Cloud Pitch Puts Microsoft on Firmer Ground

Earlier this week in Washington, D.C., at its Worldwide Partner Conference (WPC), Microsoft made clear that it is serious about maintaining an industry-leadership position as businesses and enterprises make the transition from conventional data-center computing to cloud-based alternatives.

At the forefront of Microsoft’s pitch was the Windows Azure Platform Appliance (WAPA). Appliances aren’t new concepts. As hardware-based software-delivery platforms, they’ve been around for some time. But Microsoft’s conception of WAPA deviates from any conventional definition of a standard networked appliance. Although Microsoft calls it an appliance, its exact form factor has yet to be defined precisely.

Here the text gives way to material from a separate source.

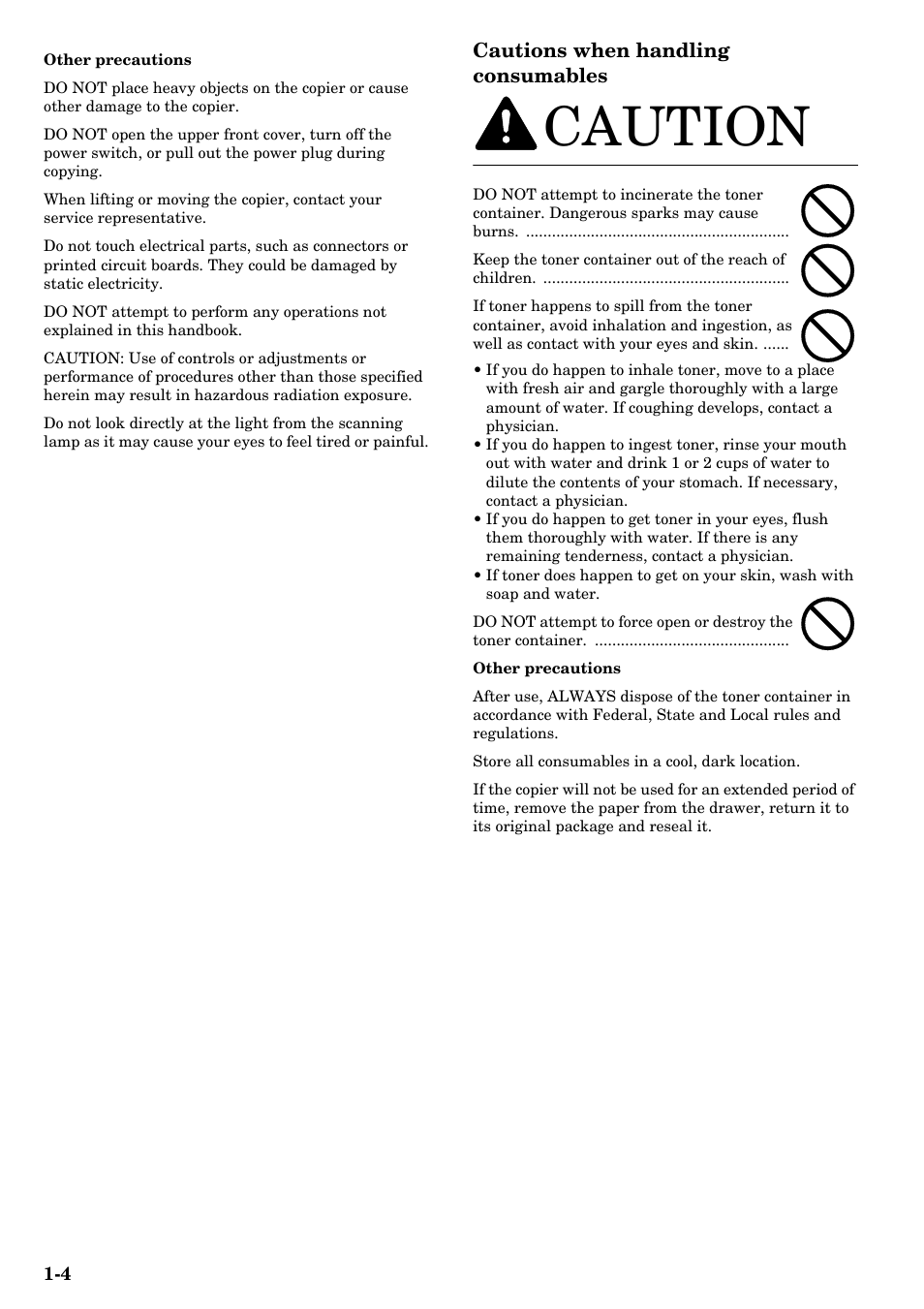 Caution, Cautions when handling consumables | TA Triumph-Adler DC 2315 User Manual | Page 12 / 91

Initially WAPA is likely to take the form of containerized infrastructure for data-center deployment. In time, much of its functionality might get squeezed into a rack. We just don’t know.

There’s a lot we don’t know about WAPA. The form factor, availability dates, pricing, how it will be sold to customers — all of that is to be determined by Microsoft and its partners.

Speaking of which, partners were and remain key considerations in Microsoft’s plans for cloud computing. Microsoft’s channel partners are critical to its success, and Microsoft needs top-drawer technology partners to bolster and disseminate its products and technologies in the marketplace.

Microsoft’s latest proclamations, then, should be viewed as a concerted bid to get partners under its cloud-computing tent. Channel partners, who have been concerned about the implications of cloud business models on their current revenue and margins, also have grown anxious about whether Microsoft might encroach on their turf. Accordingly Microsoft was at pains this week to demonstrate that cloud computing is good not only for Microsoft but for its partners, too. Quoting from Computer Reseller News:

In a later keynote, Stephen Elop, president of Microsoft’s Business Division, sought to dispel the idea that channel partners can’t make money reselling Microsoft services. He cited a study the company made of 40 sales contracts for Microsoft Online Services through channel partners (average deal size $24,000) and concluded that each generated $167 per seat in revenue for solution providers. That included $35 per seat for providing managed services such as desktop management, $66 per seat for business consulting and customization work, $46 per seat for migration and integration services, and $20 per seat for provider-of-record fees.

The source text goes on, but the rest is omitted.